Virtual Reality Sound Design, and its close cousins Augmented and Mixed Reality present some new challenges either not present or not as important in more traditional interactive media and games. By keeping in mind how our hearing system works under the hood, and understanding 3D sound perception's key elements--- delays, filtering, expectations and interaction with our other senses--- we can create more compelling and natural sounding VR audio soundscapes. Here are nine things to keep in mind when creating sound for virtual reality experiences.
1) Broadband sounds will localize better than narrowband
The wider the frequency content in the original source, especially at high frequencies, the better the audio spatialization technologies will operate. This is because HRTF processing, which is at the core of most spatialization algorithms, filters the sounds particularly strongly at high frequencies (above around 6-8kHz). If there is no frequency content there to filter, the HRTF filters have nothing to ‘grab onto’, and the spatialization effect will be weaker, particularly for elevation/declination and front/rear effects.
2) Be wary of going against expectations!
Because much of sound localization is learned, going against expectations can be dangerous. Both Microsoft and Google, for example, have independently stated that they have found it very difficult to process a “bird song” and have it robustly appear to come from below you, no matter what kind of processing they do. You can take “whitenoise.wav”, and process it to make it convincingly sound like it is coming from below. But if you take “birdsong.wav” and do the exact same signal processing, the bird will sound like it is above you. Why? Because in virtually all our human experience, bird sounds come from above you, and it is very difficult to override that preconception. In this case, expectations appear to override signal processing.
3) Don’t rely on the “spatialization processing” to do all the job of spatialization.
Current day spatialization algorithms are very powerful, and can do a good job. But there is more to 3D hearing the “the big 4” (HRTF, ILD, ITD, reverb). Have a look at this three minute video, a demonstration of audio and visual changes as objects are near and far from the listener.

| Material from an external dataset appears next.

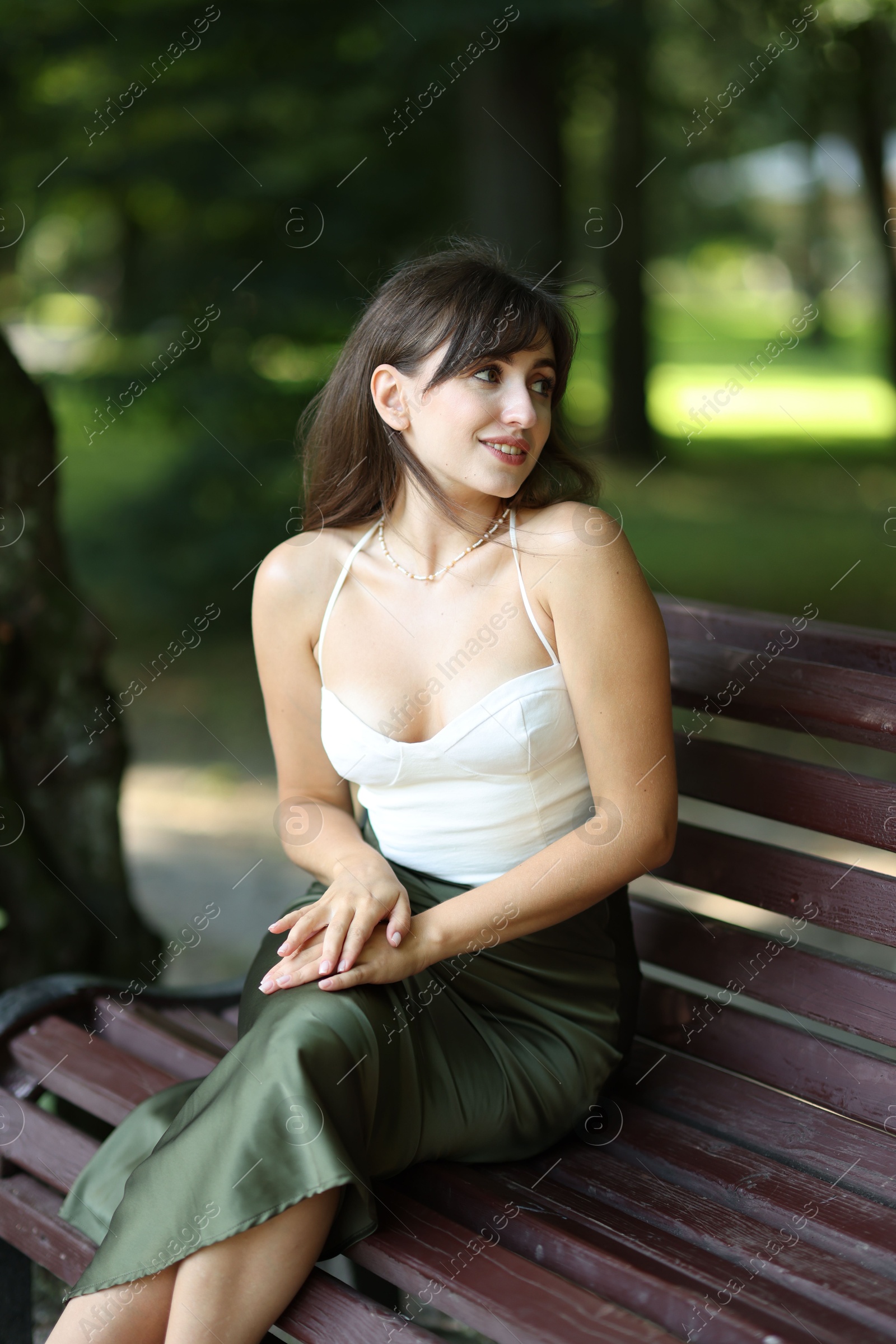 Photo of Smiling woman sitting on bench in park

Part of the reason we perceive the character's voice as being “far” is a) he is shouting and b) he is simultaneously relatively quiet. That is, a ‘far away’ voice isn’t just a near voice with a “far” distance effect applied, but is a complex interaction of the sound source itself, plus the environment it exists in and our learned expectations of the timbre of normal speech vs shouted speech and how loud we expect them to be. The nature of the sound itself is critical in determining its perceived distance. Even the best HRTF plug-in can’t do that.
4) Don’t go against visuals
This is a refinement of the above point. Our hearing works in conjunction (not in isolation from) our other senses. If you create a mismatch between the aural location of a sound source and its visual representation, you create a conflict in the brain, which it will try to resolve, more often than not in favor of the visuals.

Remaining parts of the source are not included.